This is the Mini Pepperoni Frittatas recipe.
- Prep: 15 min
- Cooking: 25 min - 30 min
- 4 large plum tomatoes
- 9 eggs
- 1/2 cup (125 mL) Milk
- 1/2 tsp (2 mL) salt
- 1/2 tsp (2 mL) pepper
- 3/4 cup (180 mL) shredded Canadian Mozzarella cheese
- 1/2 cup (125 mL) minced green onions
- 1/2 cup (125 mL) minced pepperoni
Preheat oven to 350 °F (180 °C).
Seed and chop three tomatoes and thinly slice the fourth. Butter a muffin pan. In a bowl, whisk eggs with milk, salt and pepper. Stir in Canadian Mozzarella cheese, green onions, chopped tomatoes and pepperoni.

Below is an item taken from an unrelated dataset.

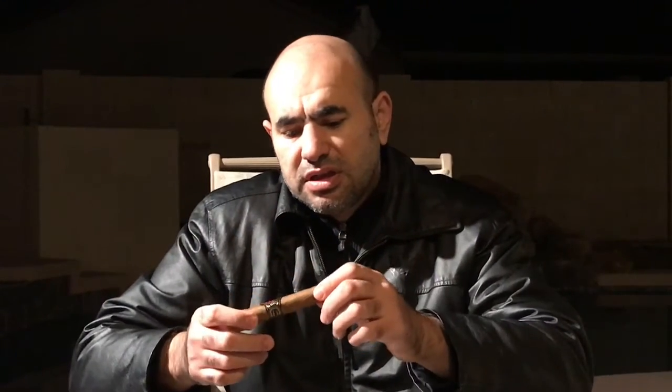Look at this beautiful stick. It's a Robusto 5x50. Good-looking wrapper with minimum veins. It's a triple cap. Ecuadorian Habano wrapper with Nicaraguan filler and binder.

Pour equal amounts of egg mixture into prepared muffin tins. Top each frittata with a slice of tomato. Place in centre of oven and bake for 25 to 30 minutes or until set in the centre. Cool on a rack in pan for 10 minutes. Using a blunt knife, loosen frittatas all around and lift out.
Cool to room temperature before wrapping individually in plastic wrap. Store in the refrigerator for up to 3 days. Frittatas can be reheated in microwave on medium power before serving.